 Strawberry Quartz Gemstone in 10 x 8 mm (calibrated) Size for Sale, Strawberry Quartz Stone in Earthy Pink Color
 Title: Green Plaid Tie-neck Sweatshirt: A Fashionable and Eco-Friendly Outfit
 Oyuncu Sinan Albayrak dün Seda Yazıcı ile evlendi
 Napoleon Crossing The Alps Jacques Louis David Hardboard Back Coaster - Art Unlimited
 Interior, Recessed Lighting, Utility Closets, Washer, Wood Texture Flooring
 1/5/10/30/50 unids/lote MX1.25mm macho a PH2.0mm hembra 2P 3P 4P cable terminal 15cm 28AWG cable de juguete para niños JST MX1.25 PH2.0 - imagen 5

————————

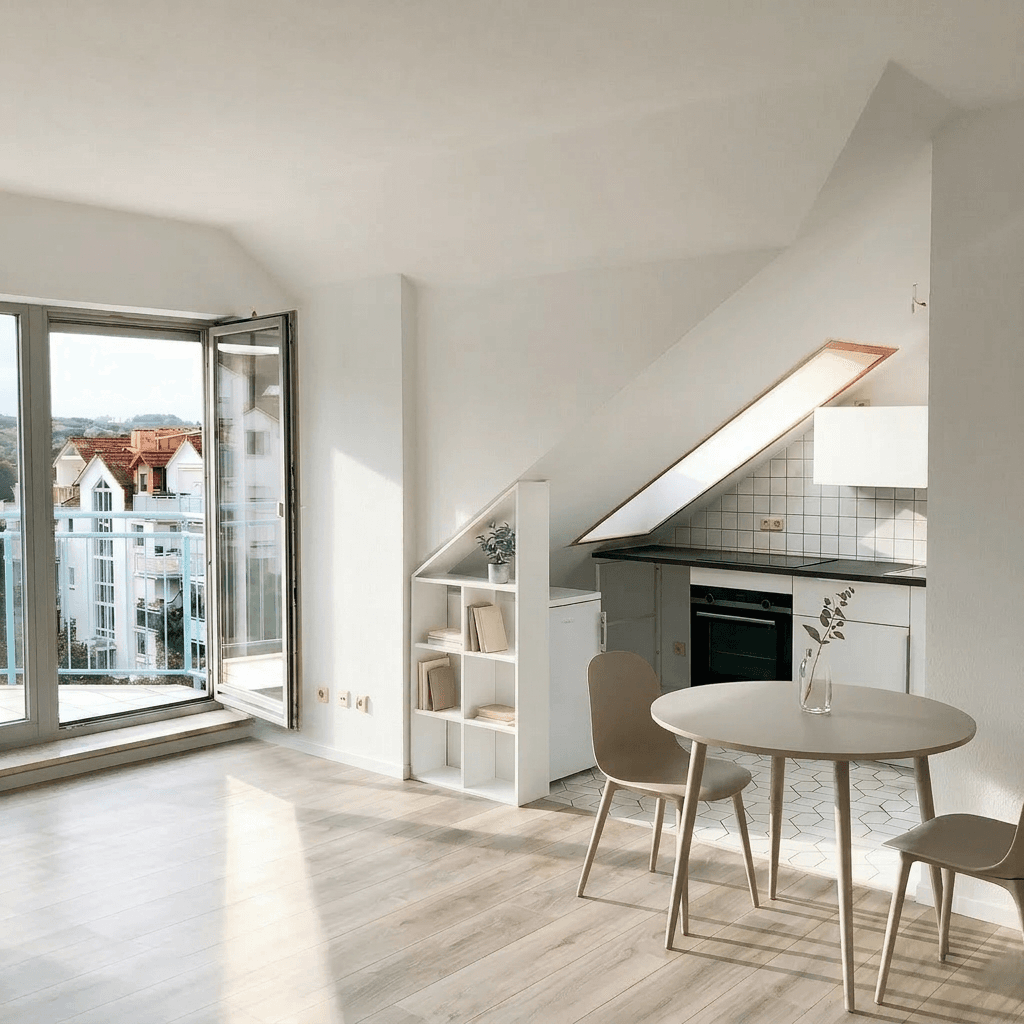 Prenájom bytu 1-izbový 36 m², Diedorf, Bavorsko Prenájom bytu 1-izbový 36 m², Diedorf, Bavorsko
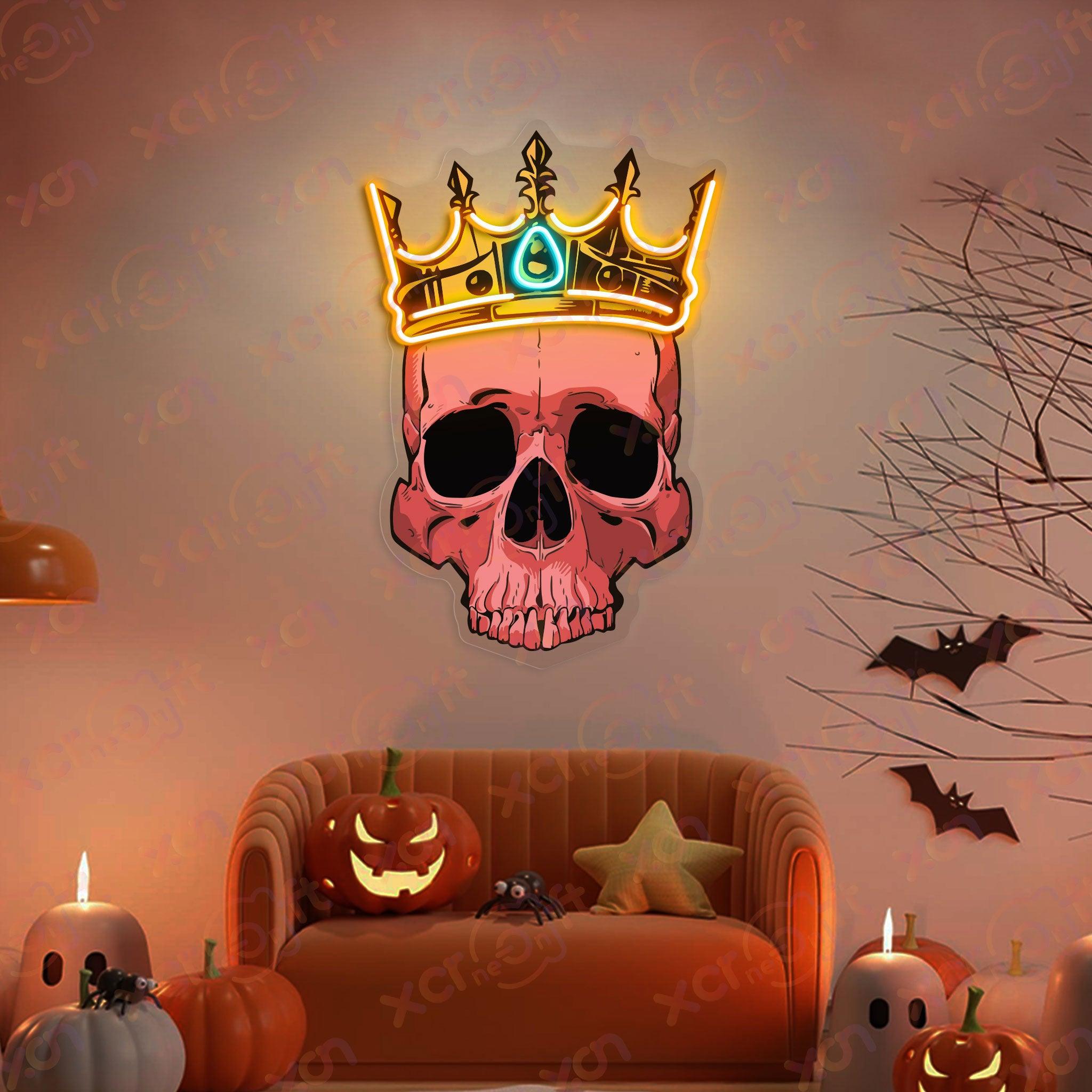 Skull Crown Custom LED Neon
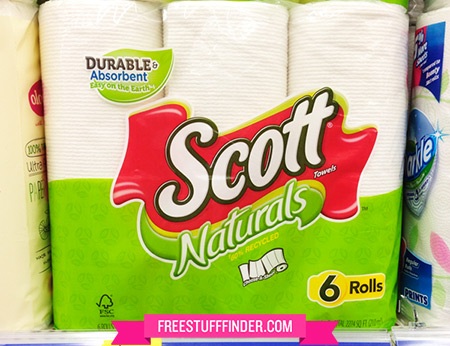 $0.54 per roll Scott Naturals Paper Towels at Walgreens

————————

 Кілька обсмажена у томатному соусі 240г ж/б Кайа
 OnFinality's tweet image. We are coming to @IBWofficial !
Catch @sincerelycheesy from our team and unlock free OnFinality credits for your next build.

————————

### Work to complete:
Across the entries above, find the lines with the string "OnFinality" and copy them.

### Answer area:
 OnFinality's tweet image. We are coming to @IBWofficial !
Catch @sincerelycheesy from our team and unlock free OnFinality credits for your next build.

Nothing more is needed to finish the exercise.